One side's irresponsibility toward civilian deaths does not absolve the other's
Defenders of Israel often argue that, if Hamas is deliberately putting Palestinian civilians into harms way, while Israel at least makes an effort to reduce Palestinian deaths, then it's not fair to criticize both as if they are equivalent. Clearly Israel, they say, is displaying a greater degree of responsibility.
Meanwhile, many critics of Israel point out that Israel is the one dropping the bombs that have killed such an overwhelming share of civilians, and it is the one that has decided to respond with such overwhelming force. So isn't it ultimately Israel's responsibility?
The argument over moral responsibility for civilian Palestinians often makes a fundamental mistake by assuming that culpability is zero-sum: that either Israel is responsible because it uses unnecessarily overwhelming force in civilian areas or Hamas is responsible because it attacks Israel from within civilian communities.
This fundamentally misses the point; both sides independently bear responsibility for the degree to which their tactics lead to civilian deaths. If one side abdicates that responsibility then this does not absolve the other. Both sides, by treating moral responsibility as zero-sum, are giving themselves permission to overlook their own role in driving up the civilian casualty rate, and thus continuing the killing.
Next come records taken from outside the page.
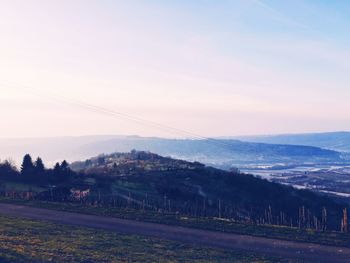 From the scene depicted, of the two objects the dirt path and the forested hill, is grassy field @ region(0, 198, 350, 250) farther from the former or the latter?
the forested hill

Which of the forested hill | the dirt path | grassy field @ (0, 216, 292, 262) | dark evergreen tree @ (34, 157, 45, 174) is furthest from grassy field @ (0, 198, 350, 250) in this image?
dark evergreen tree @ (34, 157, 45, 174)

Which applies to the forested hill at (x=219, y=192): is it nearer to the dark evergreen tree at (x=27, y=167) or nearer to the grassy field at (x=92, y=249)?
the dark evergreen tree at (x=27, y=167)

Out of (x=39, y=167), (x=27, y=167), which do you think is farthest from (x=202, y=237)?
(x=39, y=167)

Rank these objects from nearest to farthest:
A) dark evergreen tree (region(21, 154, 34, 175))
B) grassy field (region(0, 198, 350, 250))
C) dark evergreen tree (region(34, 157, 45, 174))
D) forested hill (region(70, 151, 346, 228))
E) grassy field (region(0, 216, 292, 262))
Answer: grassy field (region(0, 216, 292, 262))
grassy field (region(0, 198, 350, 250))
forested hill (region(70, 151, 346, 228))
dark evergreen tree (region(21, 154, 34, 175))
dark evergreen tree (region(34, 157, 45, 174))

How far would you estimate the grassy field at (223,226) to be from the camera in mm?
39062

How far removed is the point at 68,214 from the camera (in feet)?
160

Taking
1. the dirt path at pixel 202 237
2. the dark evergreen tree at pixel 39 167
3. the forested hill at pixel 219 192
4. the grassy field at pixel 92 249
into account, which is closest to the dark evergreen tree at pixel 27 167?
the dark evergreen tree at pixel 39 167

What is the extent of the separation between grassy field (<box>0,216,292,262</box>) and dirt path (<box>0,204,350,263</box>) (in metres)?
1.98

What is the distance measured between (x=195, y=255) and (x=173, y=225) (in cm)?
1120

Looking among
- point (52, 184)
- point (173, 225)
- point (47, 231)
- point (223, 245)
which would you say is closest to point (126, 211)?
point (173, 225)

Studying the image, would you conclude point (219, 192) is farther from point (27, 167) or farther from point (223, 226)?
point (223, 226)

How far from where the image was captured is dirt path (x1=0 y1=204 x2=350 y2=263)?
34562 mm

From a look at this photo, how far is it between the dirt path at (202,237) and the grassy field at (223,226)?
1.26 metres

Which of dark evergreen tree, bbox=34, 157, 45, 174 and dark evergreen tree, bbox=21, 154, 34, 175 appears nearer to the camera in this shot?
dark evergreen tree, bbox=21, 154, 34, 175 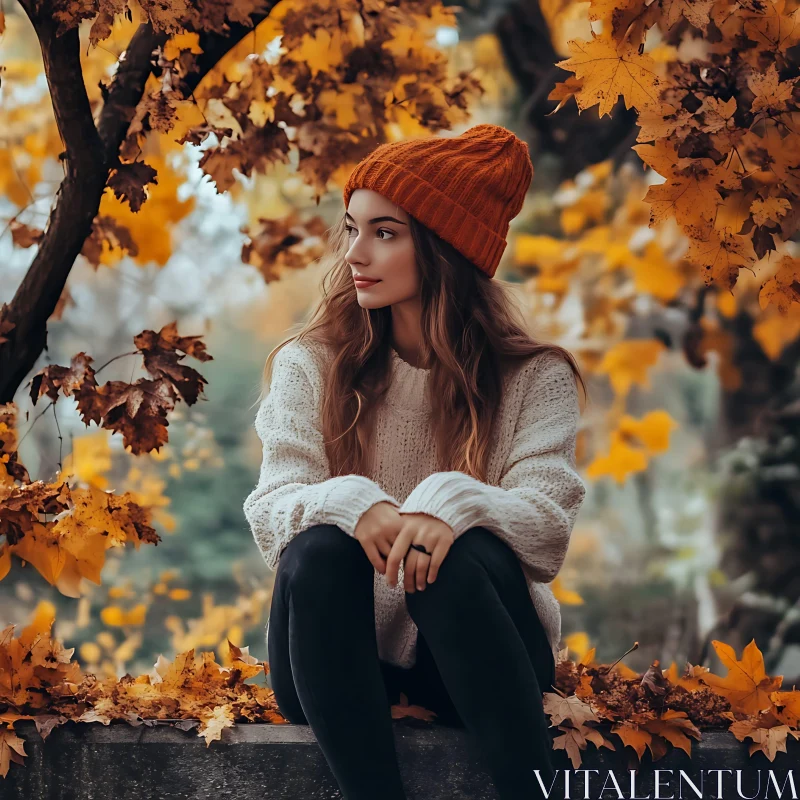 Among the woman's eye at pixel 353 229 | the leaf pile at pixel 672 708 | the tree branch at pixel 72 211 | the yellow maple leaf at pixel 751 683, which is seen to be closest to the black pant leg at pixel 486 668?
the leaf pile at pixel 672 708

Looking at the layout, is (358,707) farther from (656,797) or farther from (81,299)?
(81,299)

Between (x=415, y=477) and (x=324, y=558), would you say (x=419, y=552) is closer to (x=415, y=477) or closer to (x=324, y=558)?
(x=324, y=558)

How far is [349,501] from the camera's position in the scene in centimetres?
166

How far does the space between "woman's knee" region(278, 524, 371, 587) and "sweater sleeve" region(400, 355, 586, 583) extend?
4.3 inches

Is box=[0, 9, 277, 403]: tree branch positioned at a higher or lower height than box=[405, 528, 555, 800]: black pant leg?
higher

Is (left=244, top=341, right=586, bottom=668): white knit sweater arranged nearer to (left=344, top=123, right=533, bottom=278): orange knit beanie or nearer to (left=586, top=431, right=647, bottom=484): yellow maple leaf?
(left=344, top=123, right=533, bottom=278): orange knit beanie

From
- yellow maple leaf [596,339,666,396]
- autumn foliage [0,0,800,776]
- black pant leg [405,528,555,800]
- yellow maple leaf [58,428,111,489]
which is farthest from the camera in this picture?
yellow maple leaf [596,339,666,396]

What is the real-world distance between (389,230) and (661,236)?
7.33 ft

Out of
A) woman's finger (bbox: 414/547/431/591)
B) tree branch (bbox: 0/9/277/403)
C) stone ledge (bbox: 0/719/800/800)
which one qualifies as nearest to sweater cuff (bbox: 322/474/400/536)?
woman's finger (bbox: 414/547/431/591)

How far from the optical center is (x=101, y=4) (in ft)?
5.75

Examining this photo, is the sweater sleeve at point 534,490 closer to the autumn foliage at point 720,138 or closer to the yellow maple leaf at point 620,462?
the autumn foliage at point 720,138

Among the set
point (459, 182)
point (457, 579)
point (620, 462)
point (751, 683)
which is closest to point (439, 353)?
point (459, 182)

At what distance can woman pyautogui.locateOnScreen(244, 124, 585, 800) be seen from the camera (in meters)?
1.61

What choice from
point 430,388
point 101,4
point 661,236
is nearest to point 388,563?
point 430,388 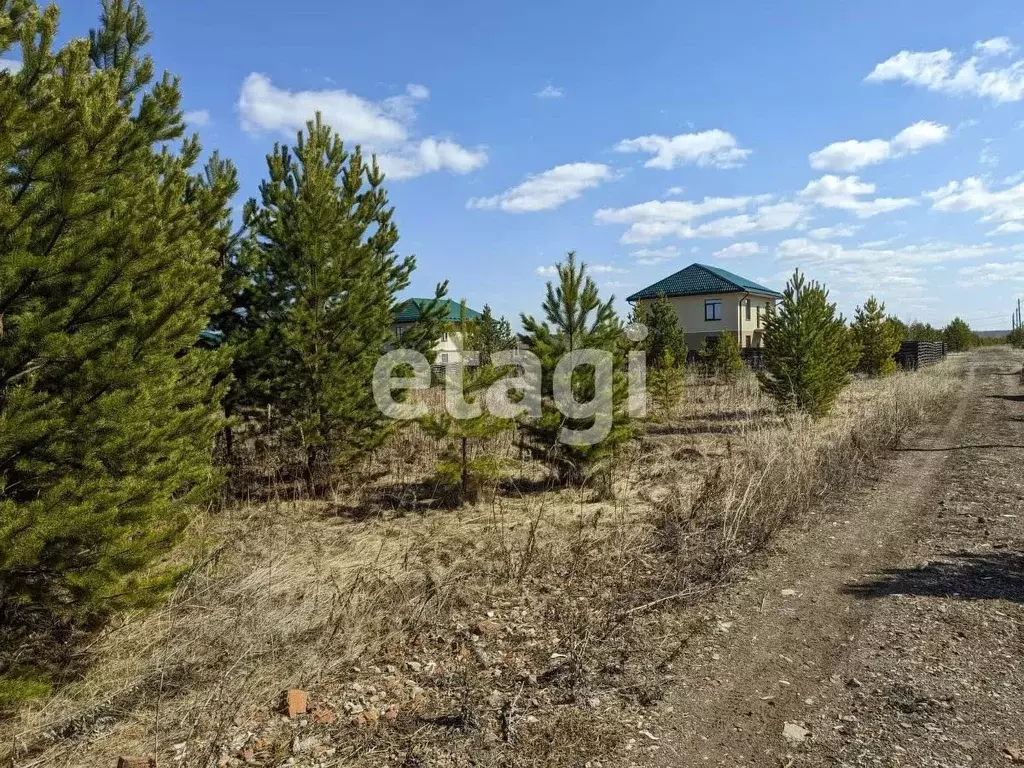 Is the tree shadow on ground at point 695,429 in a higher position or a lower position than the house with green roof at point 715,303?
lower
More symbolically, treating moral responsibility as zero-sum — Hamas is free of blame because Israel bombs too much; Israel is free of blame because Hamas embeds itself among civilians — assumes that Palestinian civilian deaths only matter for the degree to which they make one side look better or worse. And that lack of regard for the hundreds of Palestinian civilians killed, the apparent sense that their lives only matter at the moment of their death so that it can be blamed on one side or another, is perhaps the most fundamental truth of the Israel-Gaza war.